[Supplied data — start]

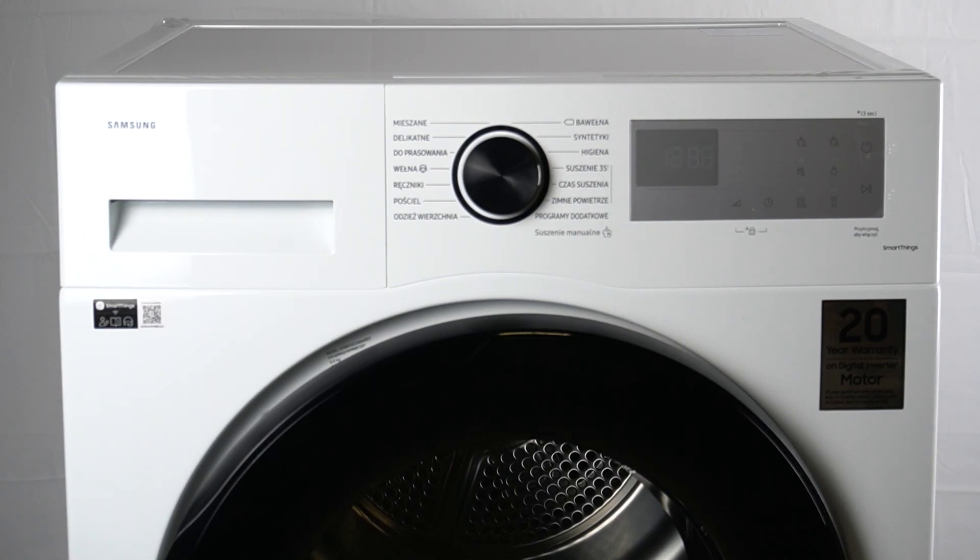Hello guys, today I will tell you about the DC troubleshooting code in the Samsung dryer TV90.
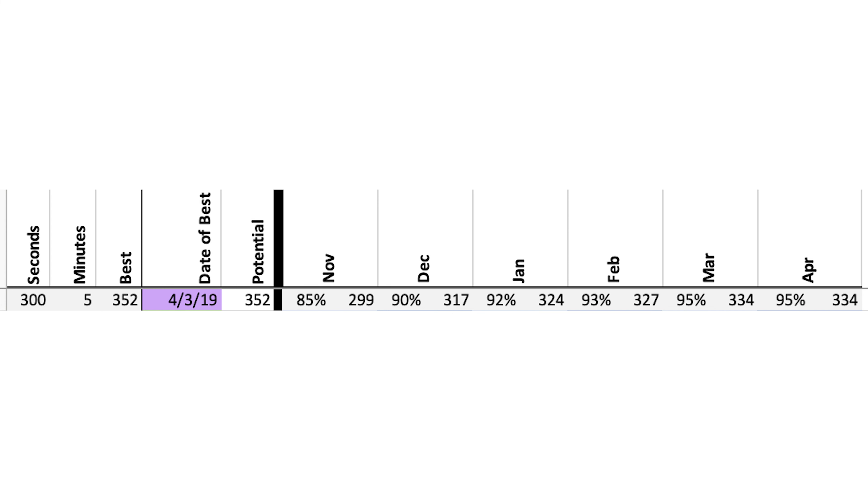In November I should be able to do 299 watts; in December, 317; in January, 324; in February, 327; then March and April. That's how I slowly work my way towards my best power — and that's my goal.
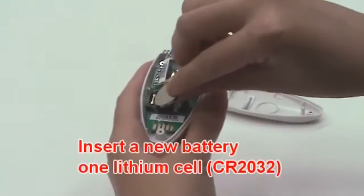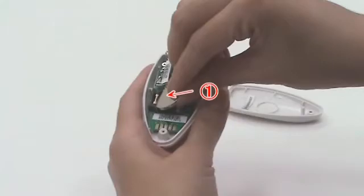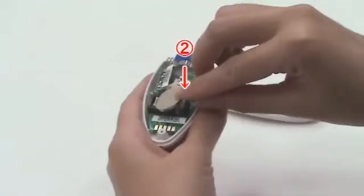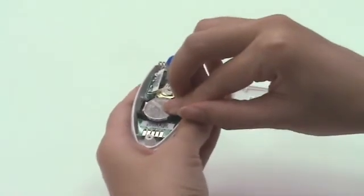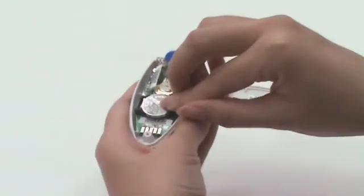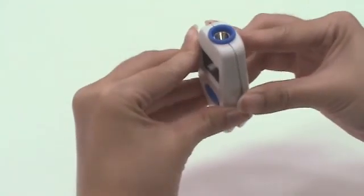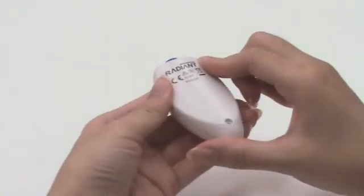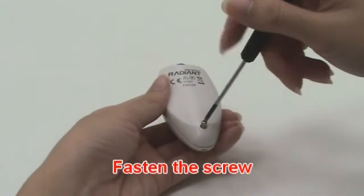Insert the new battery under the metal hook on the left side, then press the right side of the battery down until you hear a click sound. Close the upper side and then the bottom side, and fasten the screw on the back housing.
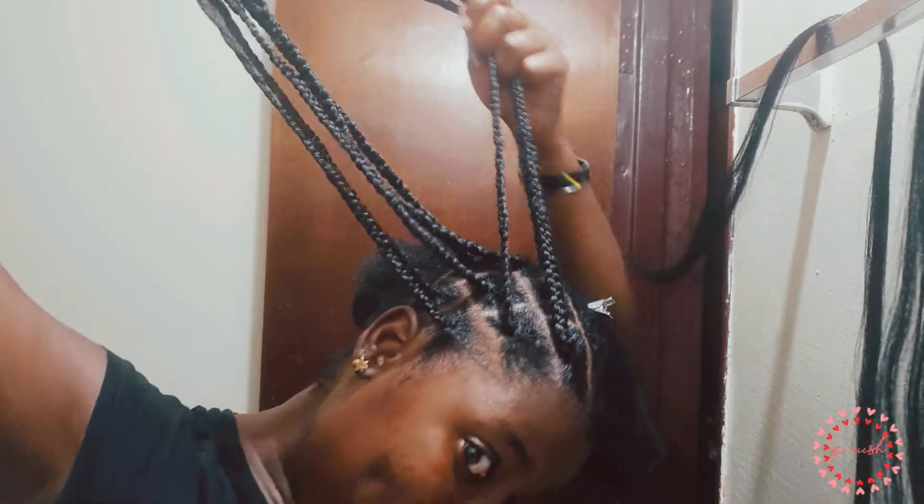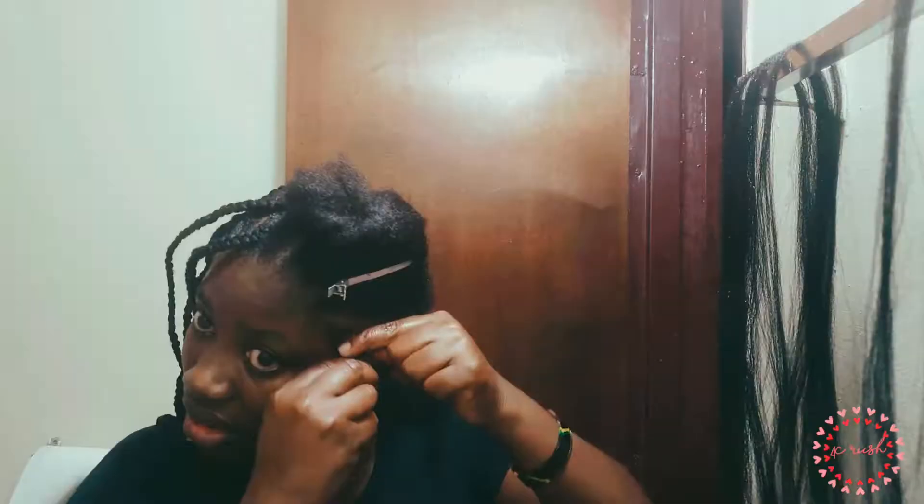It's not perfect, especially because it's the first time I am doing it, but you know, it looks really good so far.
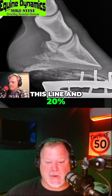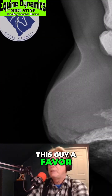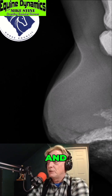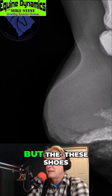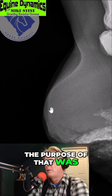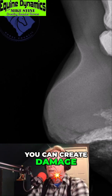The shoes are still on — they've probably done this guy a favor if they had come off, because at this point they're doing a lot more damage than they ever did any good. These shoes have a lot of traction on them, and I don't know what the purpose of that was, because sometimes you can create a lot of damage by too much traction. You can also create damage by not properly fitting a shoe.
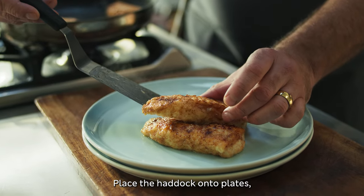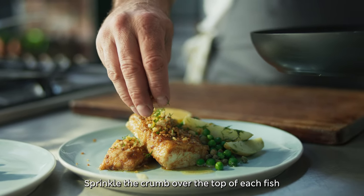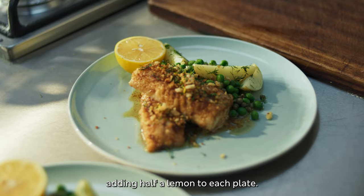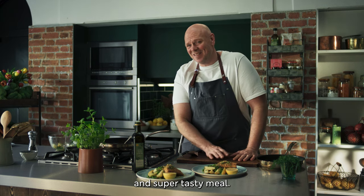Place the haddock onto plates and serve the potato salad alongside. Sprinkle the crumb over the top of each fish, adding half a lemon to each plate. Then enjoy every bite of this seasonal and super tasty meal.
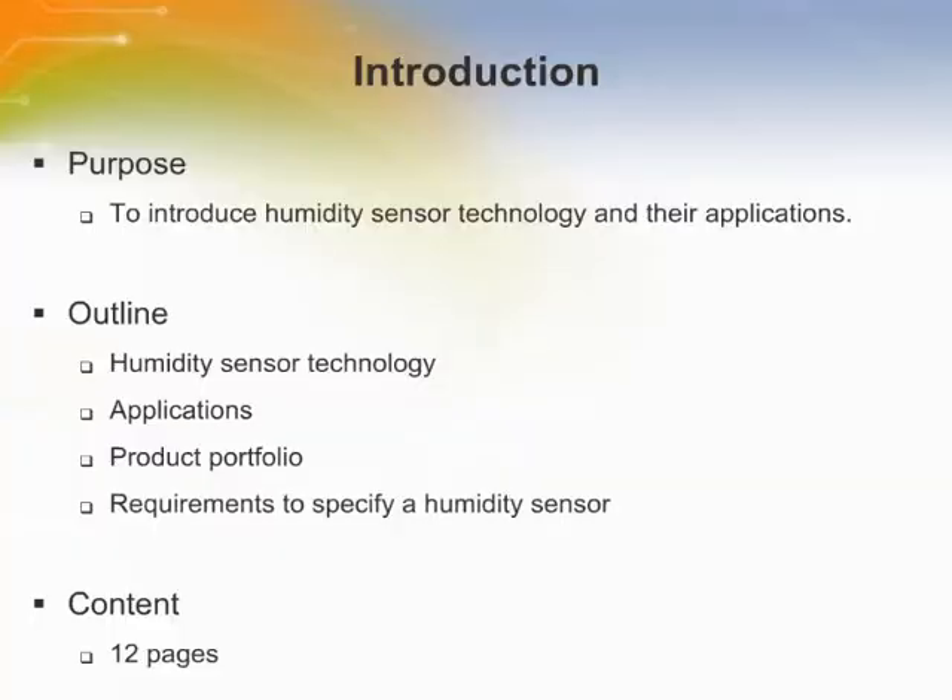Welcome to the training module on Honeywell humidity sensors. This training module introduces humidity sensor technology and their applications.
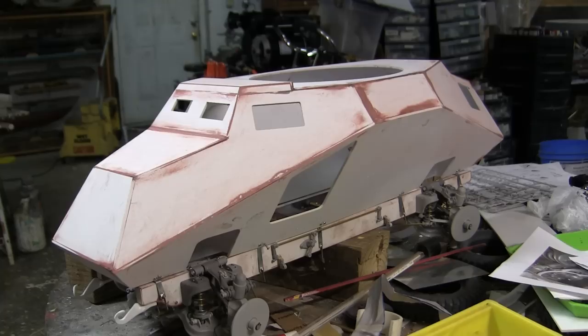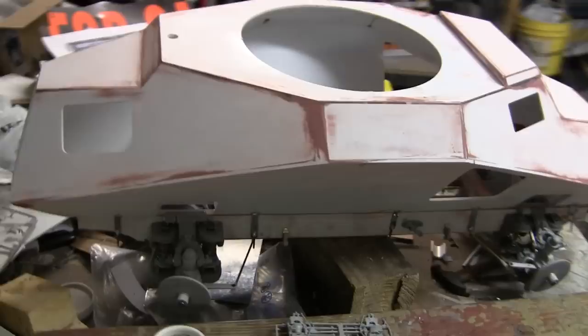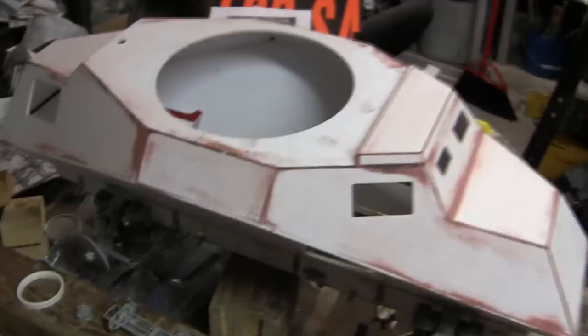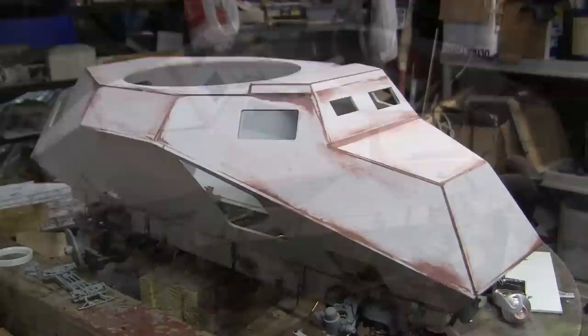Since the last video update, progress has been made to the model's armored cab, as well as the mounting system which mounts the cab to the model's chassis. We can see the cab is all assembled, and bodywork has been done to delete any gaps that would have been remaining from where the panels intersected. More work will be required for the bodywork, and more to this will follow as the build progresses.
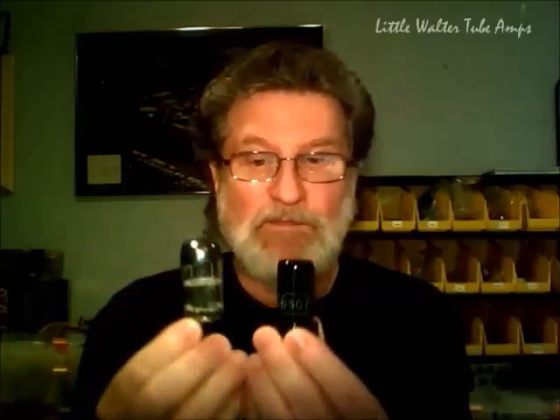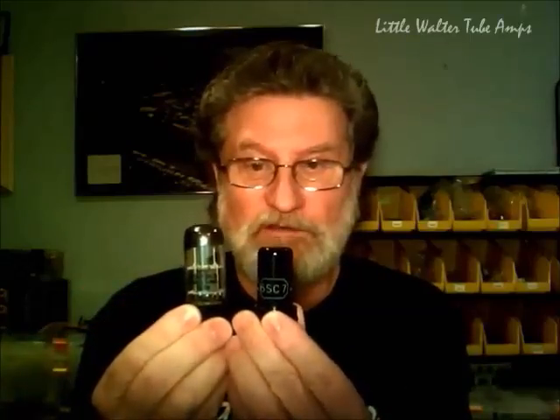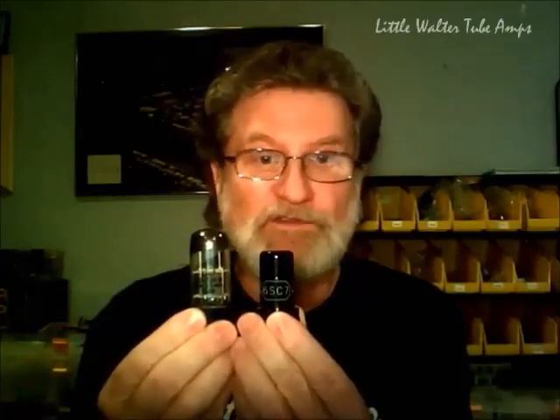The tube I use today in my Series 8s is still a 6SC7, but it's a modern 6SC7. Today they're being made new by Softech, a Russian company. This is a 6SC7, and it's the same exact tube — sounds the same. The tone is fantastic.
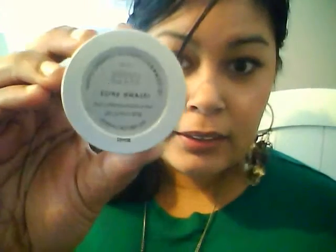I got the Cheek Stamp in Island Spice and then I got the Cheek Stamp in Hibiscus — I think that's how you say it.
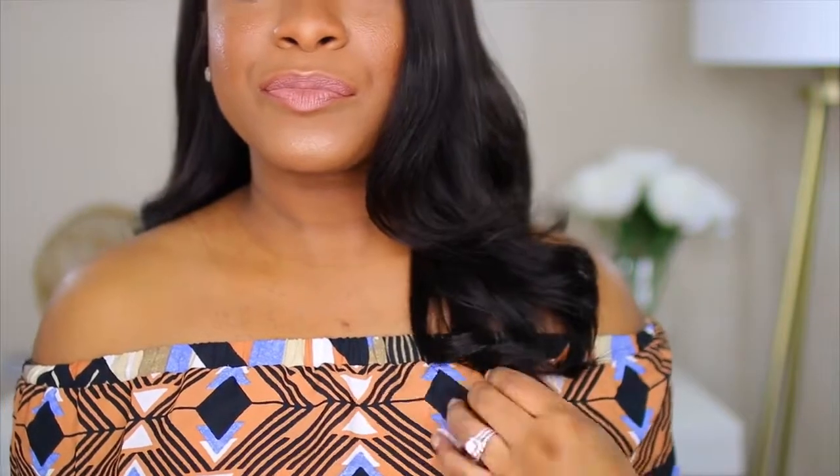I actually ordered an 18 inch, but as you guys can see, it is a lot shorter than 18 inch, mainly because it is hot and I personally just could not see myself rocking 18 or 20 inch hair. I had my stylist cut off about three or four inches. Once it's straightened it's about boob length, and when it's curled it stops about right here. But they do offer lengths like 18, 20, 22 — whatever you want, you can order it.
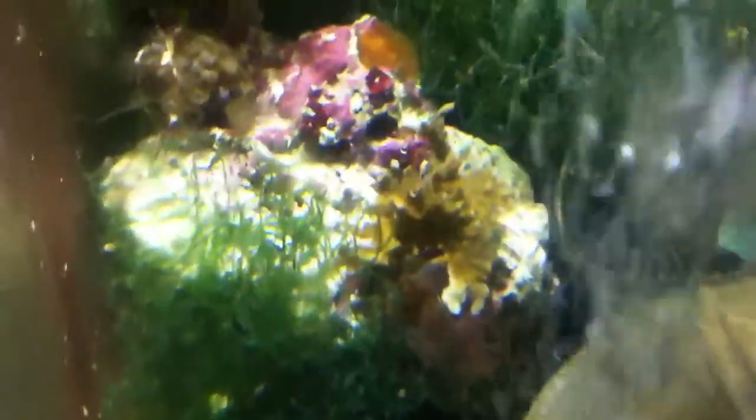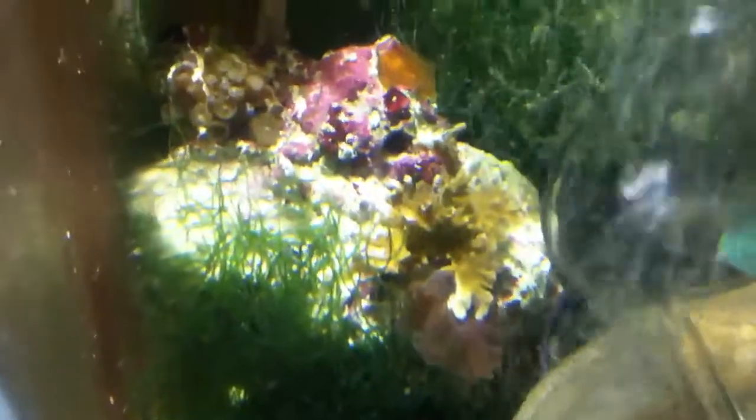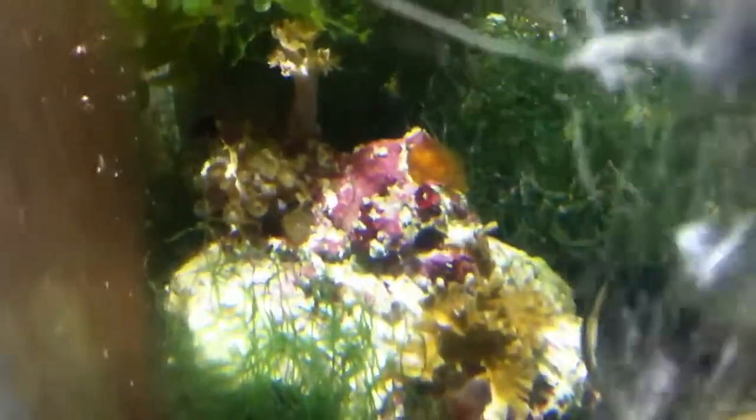Hey guys, welcome back. This is just a really quick video. I threw a piece of live rock in the sump — it's got a mushroom, a piece of SPS, some zoanthids, and pulsing xenia. This was for the Home Depot LED light review. I said I would test it out; it's a daylight color temperature and we want to see what it would do for coral.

[Supplied data — finish]

# Assignment
Reproduce exactly, with no pictures, the lines above from the one holding "Place the haddock" to the one holding "I got the Cheek Stamp in Island", inclusive.

# Answer to the problem
Place the haddock onto plates and serve the potato salad alongside. Sprinkle the crumb over the top of each fish, adding half a lemon to each plate. Then enjoy every bite of this seasonal and super tasty meal.
Welcome to the training module on Honeywell humidity sensors. This training module introduces humidity sensor technology and their applications.
Since the last video update, progress has been made to the model's armored cab, as well as the mounting system which mounts the cab to the model's chassis. We can see the cab is all assembled, and bodywork has been done to delete any gaps that would have been remaining from where the panels intersected. More work will be required for the bodywork, and more to this will follow as the build progresses.
The tube I use today in my Series 8s is still a 6SC7, but it's a modern 6SC7. Today they're being made new by Softech, a Russian company. This is a 6SC7, and it's the same exact tube — sounds the same. The tone is fantastic.
I got the Cheek Stamp in Island Spice and then I got the Cheek Stamp in Hibiscus — I think that's how you say it.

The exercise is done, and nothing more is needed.